Challenger Learning Center-St. Louis Honors the Past and Celebrates Tomorrow’s Innovators and Educators at 30th Anniversary
The Challenger Learning Center-St. Louis commemorated the 30th Anniversary of the 1986 Challenger Space Shuttle accident with a program that honored the seven Challenger astronauts, including Christa McAuliffe, who would have been the first teacher to go into space, and recognized seven current teachers who are inspiring our future generation of explorers and innovators.
The award, titled “Challenger Inspiring Teacher Award” was given to teachers who were nominated by former students, administrators, colleagues, and parents. The award recipients included the following: Holly Camacaro, 3rd-grade teacher at Griffith Elementary School in the Ferguson-Florissant School District, Jessica Foersterling, is a 5th-grade science teacher at St. Mary’s School in Alton, IL, Carl Hoagland, Professor of Technology and Learning at the University of Missouri St. Louis, Beth Kassel, 5th-8th grade teacher at St. Justin Martyr Catholic School in Sappington, MO, Diane O’Leary (retired) 6th- grade science at Truman Middle School in the Lindbergh School District, Kyle Selliers, 5th-grade teacher at Signal Hill Elementary School in Belleville, IL, and Cheryl Thomas, 6th-8th grade science teacher at St. Ann Catholic School in Normandy.
“Receiving the Challenger Inspiring Teacher Award at the 30th anniversary honoring the crew of the Space Shuttle Challenger is an extreme honor and a humbling experience. The award makes me more motivated to encourage our youth to consider STEM careers,” said Dr. Carl Hoagland, Professor of Technology and Learning at the University of Missouri St. Louis.
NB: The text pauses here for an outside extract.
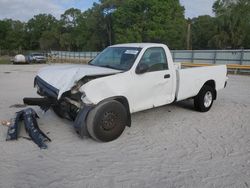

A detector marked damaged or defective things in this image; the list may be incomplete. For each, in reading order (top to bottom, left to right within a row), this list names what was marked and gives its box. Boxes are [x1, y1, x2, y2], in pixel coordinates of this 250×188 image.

In addition to the recognitions and awards, the Challenger Learning Center held a program during the day that included future educators—education majors from area colleges and universities, who worked alongside a group of 6th-grade students from Airport Elementary School in Ferguson in a simulated space mission. Those education majors also participated in some hands-on activities that were similar to the ones that Christa McAuliffe was planning on teaching from space.